While I always try a new variety each year. Last summer, I grew ‘Emerald Towers’ for the first time. It grew, as the name implies, in more of a pyramid shape, and, as advertised, the plant produced no flowers. The leaves had the same flavor as sweet basil. It was so effortless, I plan to grow one in a pot near the kitchen door for summer!

Basil plants will bloom with spikes of white or lavender flowers, but I recommend gardeners pinch the flowers off, so the plant will continue to produce new leaves rather than seeds. Sometimes, in the fall I leave a few flower spikes when plants are tired because they seem to be a magnet for honeybees.


The felty leaves of traditional sage are attractive on their own and evergreen through the winter.

Sage (Salvia officinalis) is another easy-to-grow summer herb originating from the Mediterranean. In our Pacific Northwest climate, the shrubby, evergreen will overwinter as a perennial (USDA Hardiness Zones 5-11). The attractive plants look good either in ornamental gardens or herb gardens.

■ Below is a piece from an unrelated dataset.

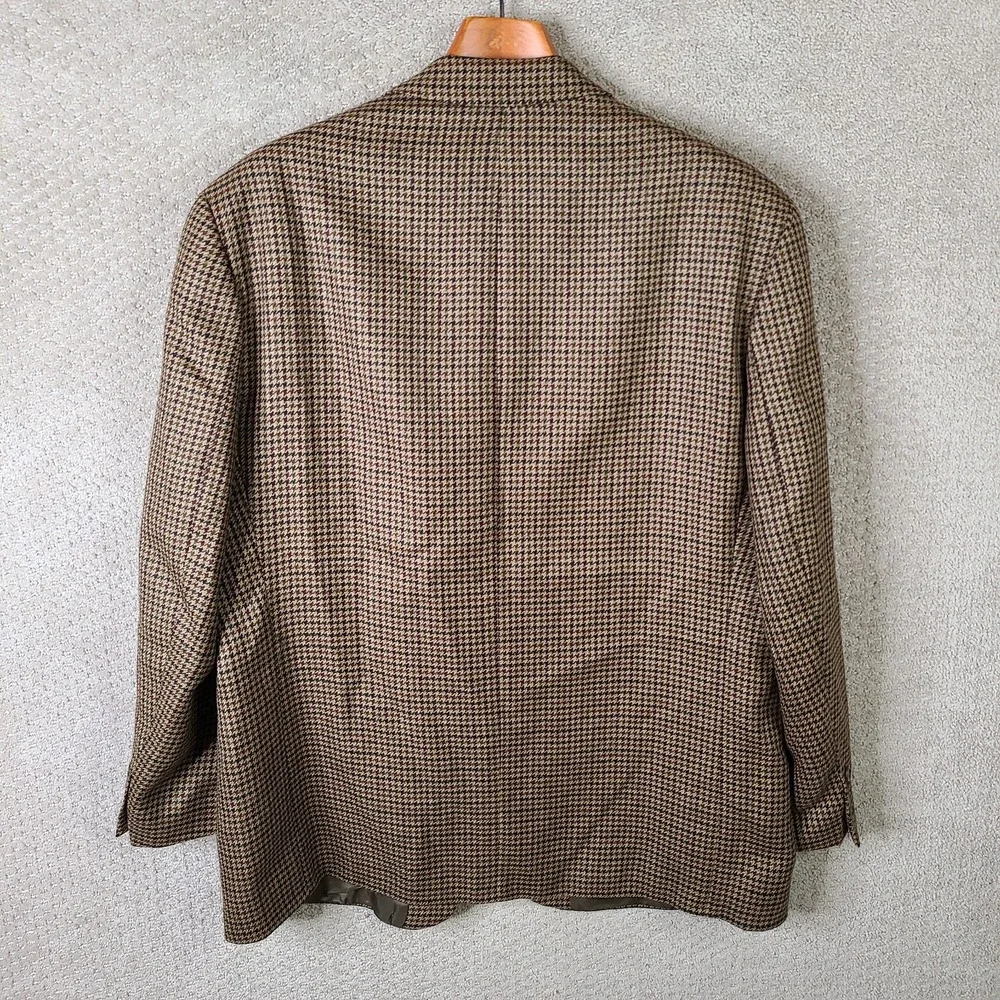 Vintage Ralph Lauren Jacket Mens 46R Brown Houndstooth Blazer Wool 2 Button Coat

There are quite a few garden-worthy culinary sage varieties with variations in leaf color from standard green to purple to variegated forms, which usually have leaves with purple tones and white margins. The large-leaved ‘Berggarten‘ sage has big, rounded, felty-green leaves, and the purple, ivory, and green-leaved ‘Tricolor‘ sage is both good-looking and savory. In the spring or early summer, the sage plants produce spikes of lavender-blue flowers visited by bees.

Any sage can be grown as an attractive potted plant, if given full sun a large pot filled with quality, well-drained soil and regular water.


Rosemary plants are shrubby where hardy.

Another shrubby perennial herb is rosemary (Rosmarinus officinalis, USDA Hardiness Zones 7-11). While many plants did not survive our January ice storm last winter, rosemary plants usually live through our winters. Fortunately, some cultivated varieties are hardier than others. ‘Arp‘ is a selection that tends to be more winter-hardy than others and can survive winters up to Zone 6.

Rosemary grows to be a large, attractive plant in the garden. Specimens can reach 3-feet or more. In fact, they are often grown as shrubs in the Mediterranean. For their best chance of survival, choose a full-sun location with sharply-drained soil. The roots will not tolerate wet feet in the winter.

Small spikes of flowers appear along the stems in various shades of lavender-blue, sometimes white, in the late spring or early summer. There are trailing forms that are ideal for planting along a retaining wall or in a large container. ‘Prostratus‘ (Zones 8-11), which can reach a foot or so and spread to 3 feet or more, is the most common creeping form available.


‘Vera’ is a compact, extra aromatic lavender with dense wands of lavender-blue flowers.

Few herbs are as strongly identified with fragrance and color as lavender (Lavandula spp.). There are many beautiful species and varieties to try, including the classic, compact ‘Munstead’ English lavender (Lavandula angustifolia ‘Munstead’), and lovely ‘Lady’ lavender (Lavandula ‘Lady’), which blooms in the first year from seed. ‘Vera‘ (Lavandula angustifolia ‘Vera’) is another compact form known for its strong, aromatic fragrance and dense wands of lavender-blue flowers.

Lavender is a short-lived shrubby perennial, which varies in hardiness depending on the species. English lavender (Lavandula angustifolia), the hardiest form, will survive in Zone 5 or 6. All grow best when given full sun and soil with good drainage. Like rosemary, they do not appreciate wet feet in the winter. With good care, plants will survive for four to five years before they begin to decline and require replacement.

Growing Summer Herbs

Potted basil is useful to have near or in the kitchen.

All of the herbs listed need warm temperatures, and a rule of thumb should planted outdoors after the threat of frost has passed. A full-sun location is required. For plants in containers, all will thrive in Black Gold Natural & Organic Potting Mix. The addition of perlite and pumice to increase drainage is recommended. Add three parts mix to one part pumice/Black Gold Perlite, and make sure the container is large and has drainage holes at the base.

There are so many different herbs that are readily available to the home gardener. If you have a favorite, check out the herb section at your local garden center for the best plants in your area. While many may not be winter hardy, they can provide great satisfaction during the summer months.